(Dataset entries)

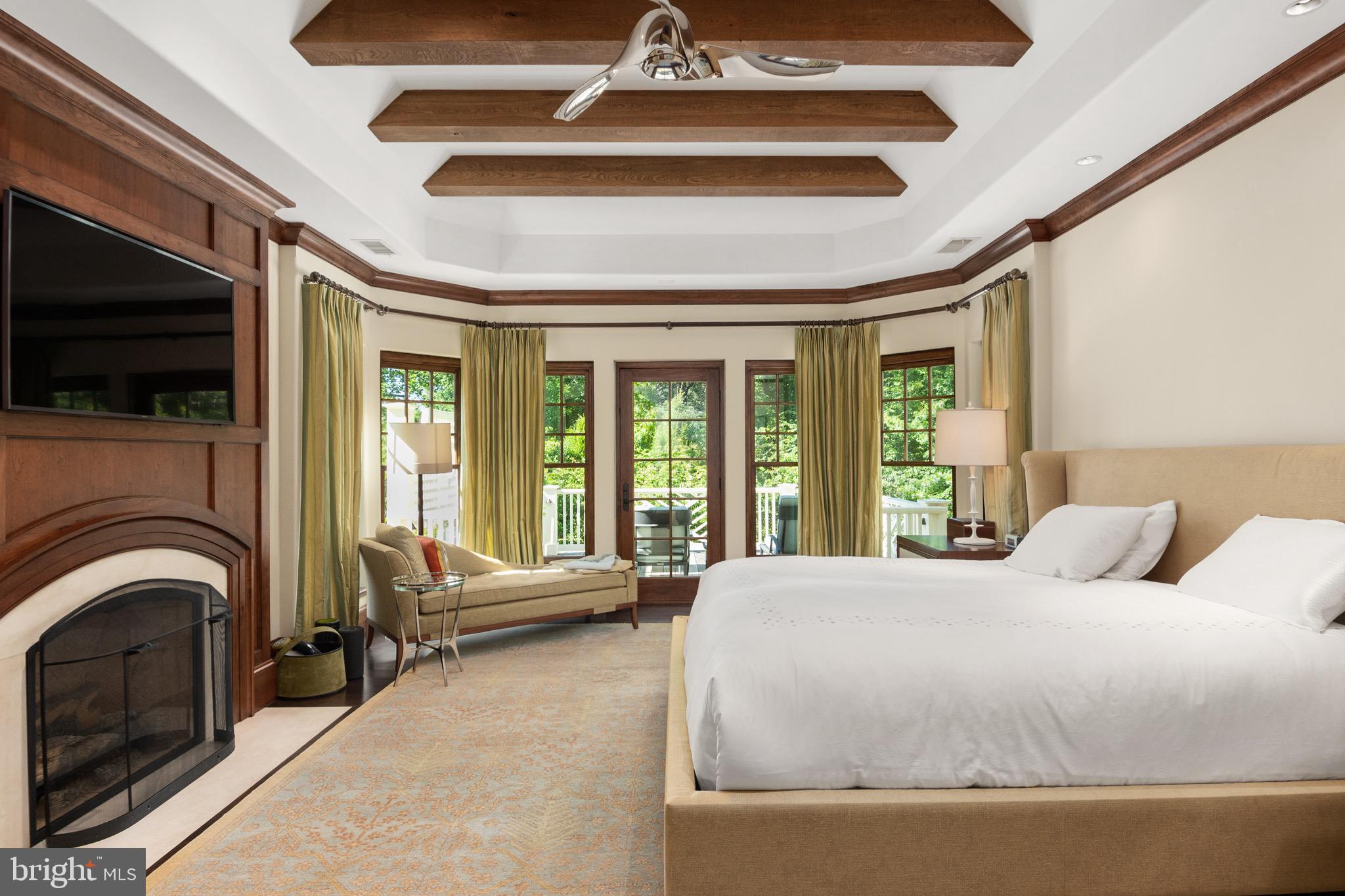 6909 Armat Drive Bethesda, MD 20817 - Photo 33 of 73 Owner's Bedroom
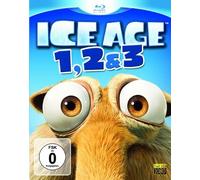 Ice Age - Box Set Teil 1-3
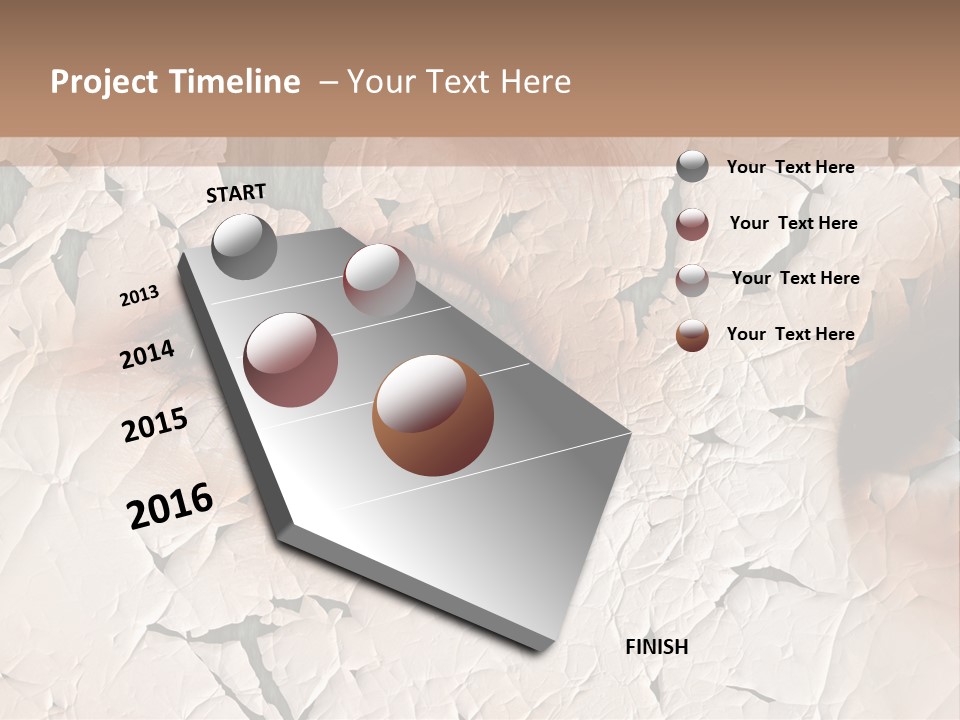 Female Pharmacy Precaution PowerPoint Template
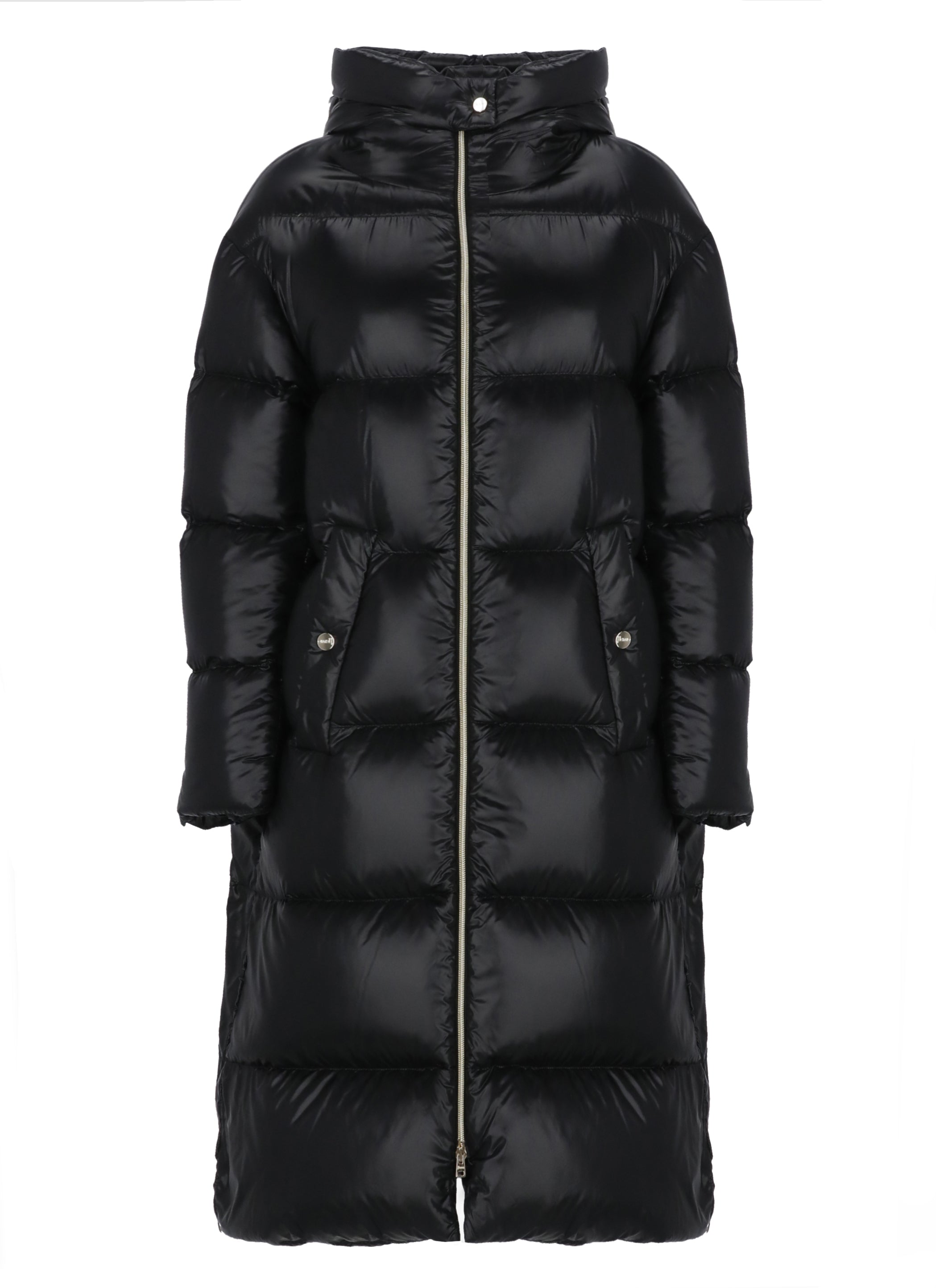 Herno Coats Black
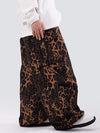 Mountain Chill Freestyle Prime Baggy Leopard Snowboardhose für Damen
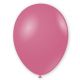 Balloon latex 12 inch pastel pink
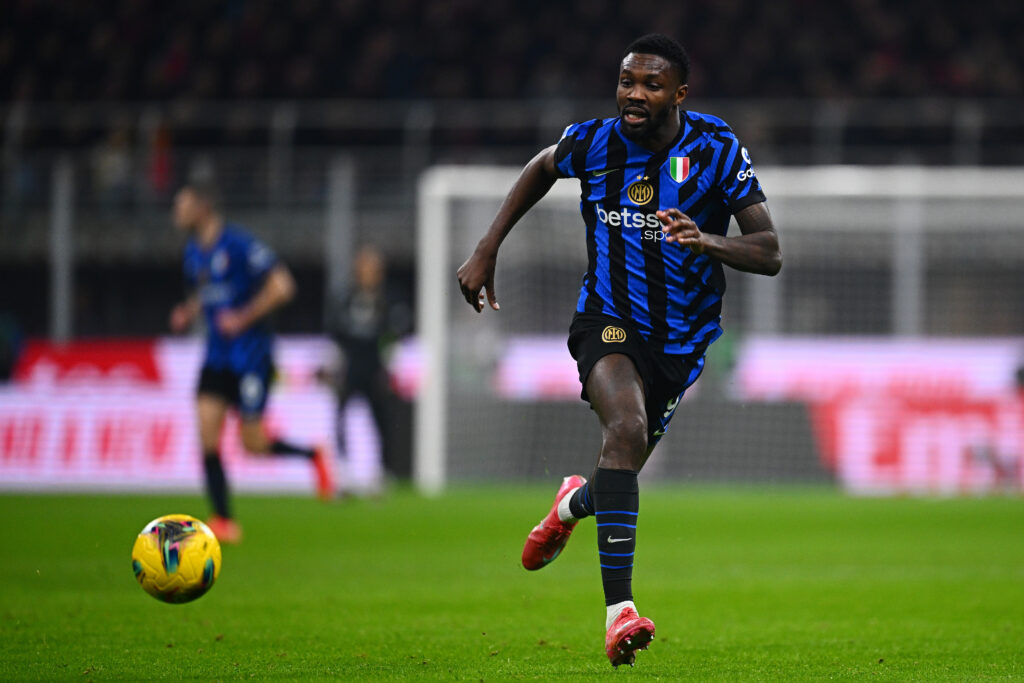 AC Milan v FC Internazionale - Serie A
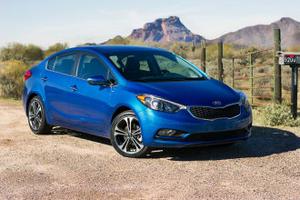 Used  Kia Forte EX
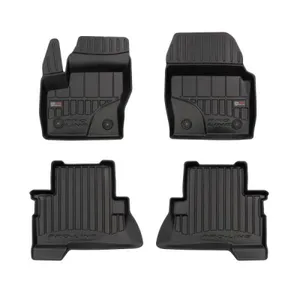 Gumeni tepisi FORD PUMA 09.19- (guma, 4kom., crna) IC-G0PA9U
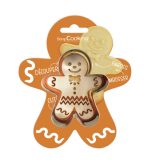Découpoir + embosseur bois Ginger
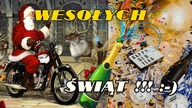 WESOŁYCH ŚWIĄT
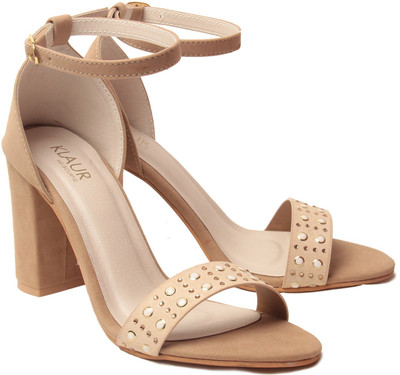 

Klaur Melbourne Women Beige Heels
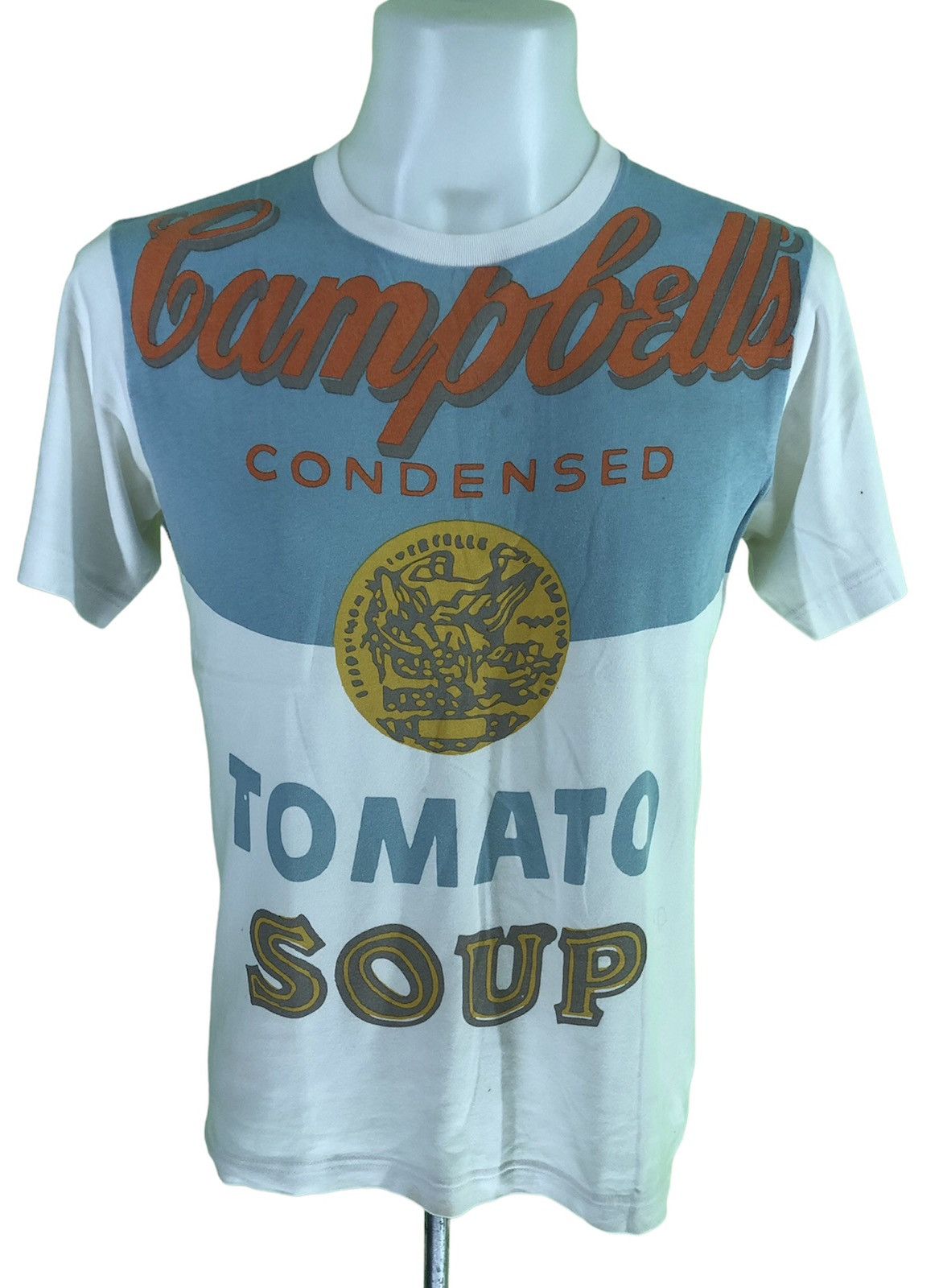 Japanese Brand X Uniqlo Uniqlo Andy Warhol Campbell Tomato Soup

AIM OF THE EXERCISE: In the data above, the line containing "WESOŁYCH ŚWIĄT" and all lines after it are to be reproduced exactly, leaving out the pictures.

OUTPUT FOR THIS TASK:
 WESOŁYCH ŚWIĄT

Klaur Melbourne Women Beige Heels
 Japanese Brand X Uniqlo Uniqlo Andy Warhol Campbell Tomato Soup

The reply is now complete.